Meu problema não foi, ou não tem sido, com os candidatos. Meu problema é com as bancas, que insistem em perpetuar um sistema que ultrapassado, que claramente não funciona mais, ainda que todo mundo faça o maior esforço pra fazer de conta que sim.

Mas eu não quero insistir, nesse texto, no ponto do concurso; quero insistir no desalinho. As vezes, muitas vezes, fico me perguntando se é possível que apenas eu veja que tudo está errado, que nossos professores estão desmotivados e despreparados; que nossos alunos estão além disso, desatentos; que nossas pesquisas não tem impacto…

Você não concorda comigo? Eu aprendi cedo na minha vida acadêmica que a única coisa, talvez capaz de convencer pessoas inteligentes a mudar de opinião, são argumentos técnicos. Afinal, como diz o canastrão  da série de televisão CSI – Miami, Horatio Caine: – “Pessoas mentem, evidências não”.

E nesse caso as evidências são sólidas, consistentes e aterrorizantes

– Alunos entram na universidade sem conhecimentos fundamentais de diversas disciplinas

– Na região norte do país, menos de 1% dos professores do ensino fundamental tem graduação. Qualquer graduação, em qualquer área.

– Apenas 14% dos jovens brasileiros entre 19 e 24 anos estão na universidade (menos que a Bolívia e muito, muito menos que Argentina e Venezuela)

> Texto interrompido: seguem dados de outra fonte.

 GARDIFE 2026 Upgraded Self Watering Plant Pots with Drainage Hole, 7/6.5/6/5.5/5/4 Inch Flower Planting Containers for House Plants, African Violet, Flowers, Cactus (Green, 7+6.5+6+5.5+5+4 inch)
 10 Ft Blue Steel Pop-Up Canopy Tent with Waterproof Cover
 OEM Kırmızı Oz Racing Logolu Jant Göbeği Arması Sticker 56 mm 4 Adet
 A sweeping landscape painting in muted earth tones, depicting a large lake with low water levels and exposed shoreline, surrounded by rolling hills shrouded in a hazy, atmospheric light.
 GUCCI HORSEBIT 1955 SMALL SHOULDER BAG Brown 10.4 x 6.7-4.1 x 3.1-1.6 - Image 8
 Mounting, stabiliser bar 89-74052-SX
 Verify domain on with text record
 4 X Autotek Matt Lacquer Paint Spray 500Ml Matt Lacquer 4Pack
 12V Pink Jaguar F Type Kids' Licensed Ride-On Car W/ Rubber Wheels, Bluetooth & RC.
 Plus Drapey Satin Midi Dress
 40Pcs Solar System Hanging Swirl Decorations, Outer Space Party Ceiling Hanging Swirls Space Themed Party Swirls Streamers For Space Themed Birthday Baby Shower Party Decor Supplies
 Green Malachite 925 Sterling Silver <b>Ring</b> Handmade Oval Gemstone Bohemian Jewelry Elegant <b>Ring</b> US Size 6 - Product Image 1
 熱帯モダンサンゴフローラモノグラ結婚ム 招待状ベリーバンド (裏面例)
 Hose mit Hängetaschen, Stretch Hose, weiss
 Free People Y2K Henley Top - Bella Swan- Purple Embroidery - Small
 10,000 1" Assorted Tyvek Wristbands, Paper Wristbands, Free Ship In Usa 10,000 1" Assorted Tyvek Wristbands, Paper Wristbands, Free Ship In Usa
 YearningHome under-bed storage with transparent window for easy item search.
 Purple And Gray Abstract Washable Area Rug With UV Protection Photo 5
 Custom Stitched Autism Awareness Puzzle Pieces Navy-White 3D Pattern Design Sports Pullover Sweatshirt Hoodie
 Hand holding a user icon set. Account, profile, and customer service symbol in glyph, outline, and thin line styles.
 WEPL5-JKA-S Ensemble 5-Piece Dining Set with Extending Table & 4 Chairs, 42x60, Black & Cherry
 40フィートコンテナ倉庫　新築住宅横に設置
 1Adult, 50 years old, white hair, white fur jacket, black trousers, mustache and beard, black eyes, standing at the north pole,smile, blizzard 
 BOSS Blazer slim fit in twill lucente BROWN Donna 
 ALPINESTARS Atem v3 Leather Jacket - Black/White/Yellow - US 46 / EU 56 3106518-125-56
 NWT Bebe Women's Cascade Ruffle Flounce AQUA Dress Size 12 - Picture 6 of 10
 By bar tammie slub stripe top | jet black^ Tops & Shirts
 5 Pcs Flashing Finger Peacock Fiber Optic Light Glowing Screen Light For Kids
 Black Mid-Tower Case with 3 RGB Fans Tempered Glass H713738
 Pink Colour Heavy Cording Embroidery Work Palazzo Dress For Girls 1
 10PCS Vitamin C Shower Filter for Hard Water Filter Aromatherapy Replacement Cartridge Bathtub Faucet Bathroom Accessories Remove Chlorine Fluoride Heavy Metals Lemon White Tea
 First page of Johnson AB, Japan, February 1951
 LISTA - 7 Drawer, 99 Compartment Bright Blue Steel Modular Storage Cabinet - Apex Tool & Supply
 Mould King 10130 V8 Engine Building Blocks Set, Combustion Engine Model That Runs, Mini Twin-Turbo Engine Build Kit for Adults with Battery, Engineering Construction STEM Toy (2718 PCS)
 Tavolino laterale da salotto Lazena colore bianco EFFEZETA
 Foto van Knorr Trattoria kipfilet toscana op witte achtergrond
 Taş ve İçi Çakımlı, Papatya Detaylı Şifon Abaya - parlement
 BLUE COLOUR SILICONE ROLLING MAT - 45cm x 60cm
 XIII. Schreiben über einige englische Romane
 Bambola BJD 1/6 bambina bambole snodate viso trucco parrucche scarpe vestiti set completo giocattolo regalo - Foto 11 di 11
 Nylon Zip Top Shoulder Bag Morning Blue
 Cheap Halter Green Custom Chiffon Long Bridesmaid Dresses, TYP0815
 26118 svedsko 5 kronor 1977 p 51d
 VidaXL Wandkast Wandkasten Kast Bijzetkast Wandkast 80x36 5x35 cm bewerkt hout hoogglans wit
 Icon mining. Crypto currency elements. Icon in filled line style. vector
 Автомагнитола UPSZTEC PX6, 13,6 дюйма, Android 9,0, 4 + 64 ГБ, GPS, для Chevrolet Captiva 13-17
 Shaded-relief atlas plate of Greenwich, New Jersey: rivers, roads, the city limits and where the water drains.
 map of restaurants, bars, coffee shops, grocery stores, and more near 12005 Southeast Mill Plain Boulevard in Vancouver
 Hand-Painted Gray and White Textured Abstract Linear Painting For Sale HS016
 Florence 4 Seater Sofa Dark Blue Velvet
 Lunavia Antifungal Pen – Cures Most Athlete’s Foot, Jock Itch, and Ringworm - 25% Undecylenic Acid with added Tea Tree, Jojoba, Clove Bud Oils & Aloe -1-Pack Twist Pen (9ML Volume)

– índices de evasão em cursos da UFRJ variam entre 50 e 90%

– A produção científica no país cresceu mas ela não tem impacto

– Os alunos do CsF voltam para casa por falta de proficiência em inglês

– Professores com doutorado ocupam 2 faixas da pista + o acostamento + as duas faixas da contramão na hora do rush na saída do campus do Fundão.

– 85% dos CEOs no Brasil dizem que sua maior preocupação para o crescimento é a disponibilidade de recursos humanos de qualidade.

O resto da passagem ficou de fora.